* EXERCISE DIRECTIONS
The whole listing that follows, pictures excepted, should be printed again exactly as given.

* SOURCE MATERIAL
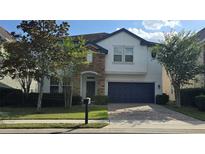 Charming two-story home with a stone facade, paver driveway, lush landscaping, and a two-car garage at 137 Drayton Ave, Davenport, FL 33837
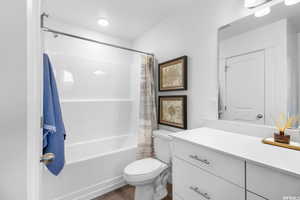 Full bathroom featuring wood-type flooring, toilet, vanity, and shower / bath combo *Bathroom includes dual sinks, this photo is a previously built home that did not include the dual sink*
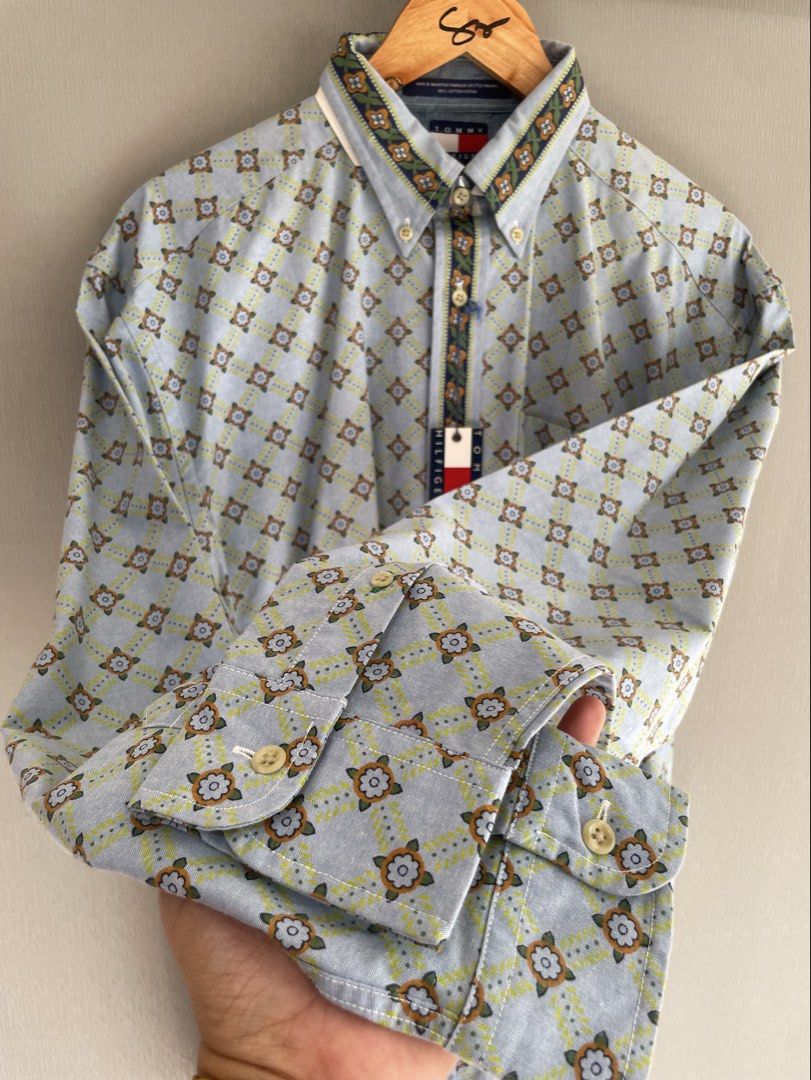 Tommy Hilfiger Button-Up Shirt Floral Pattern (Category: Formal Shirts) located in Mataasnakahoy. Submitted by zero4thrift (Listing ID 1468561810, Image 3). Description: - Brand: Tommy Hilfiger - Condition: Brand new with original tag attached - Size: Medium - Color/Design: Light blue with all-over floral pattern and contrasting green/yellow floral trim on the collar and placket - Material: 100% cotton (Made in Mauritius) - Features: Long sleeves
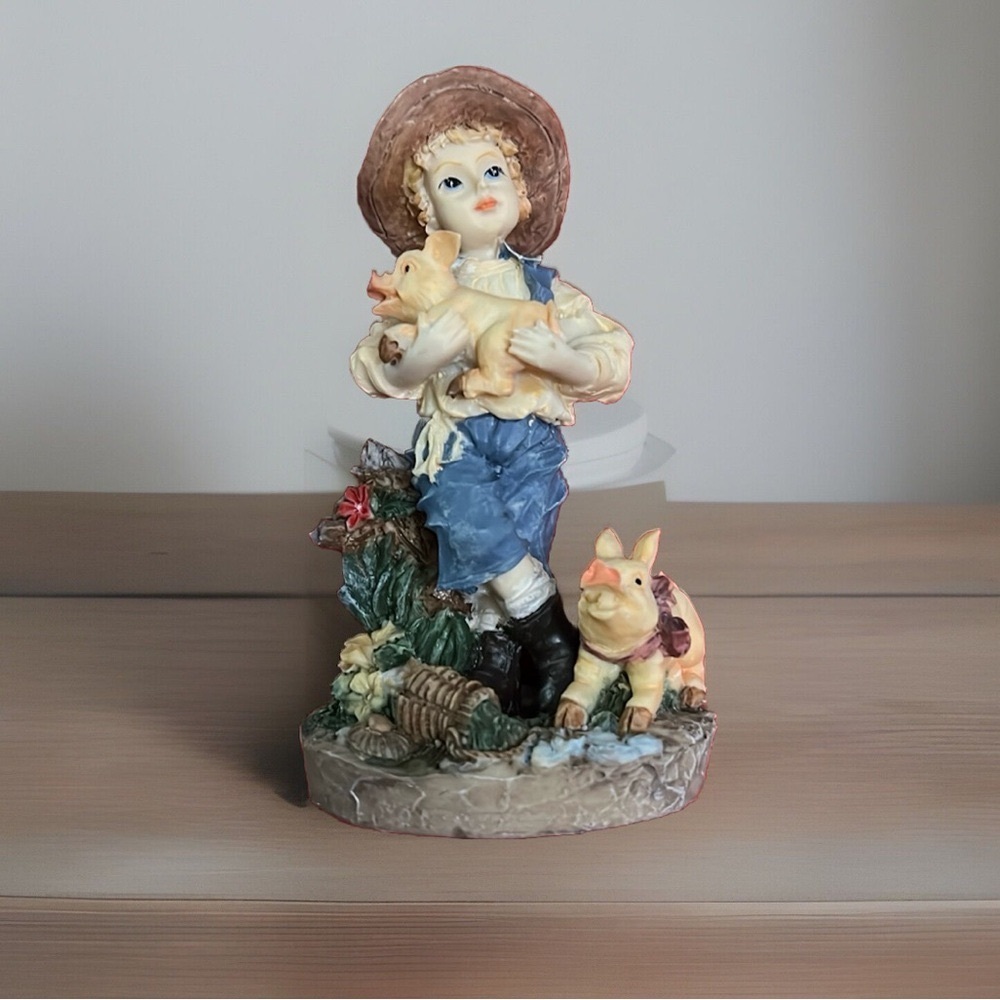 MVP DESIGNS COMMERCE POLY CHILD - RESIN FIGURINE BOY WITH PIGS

* REPLY
 Charming two-story home with a stone facade, paver driveway, lush landscaping, and a two-car garage at 137 Drayton Ave, Davenport, FL 33837
 Full bathroom featuring wood-type flooring, toilet, vanity, and shower / bath combo *Bathroom includes dual sinks, this photo is a previously built home that did not include the dual sink*
 Tommy Hilfiger Button-Up Shirt Floral Pattern (Category: Formal Shirts) located in Mataasnakahoy. Submitted by zero4thrift (Listing ID 1468561810, Image 3). Description: - Brand: Tommy Hilfiger - Condition: Brand new with original tag attached - Size: Medium - Color/Design: Light blue with all-over floral pattern and contrasting green/yellow floral trim on the collar and placket - Material: 100% cotton (Made in Mauritius) - Features: Long sleeves
 MVP DESIGNS COMMERCE POLY CHILD - RESIN FIGURINE BOY WITH PIGS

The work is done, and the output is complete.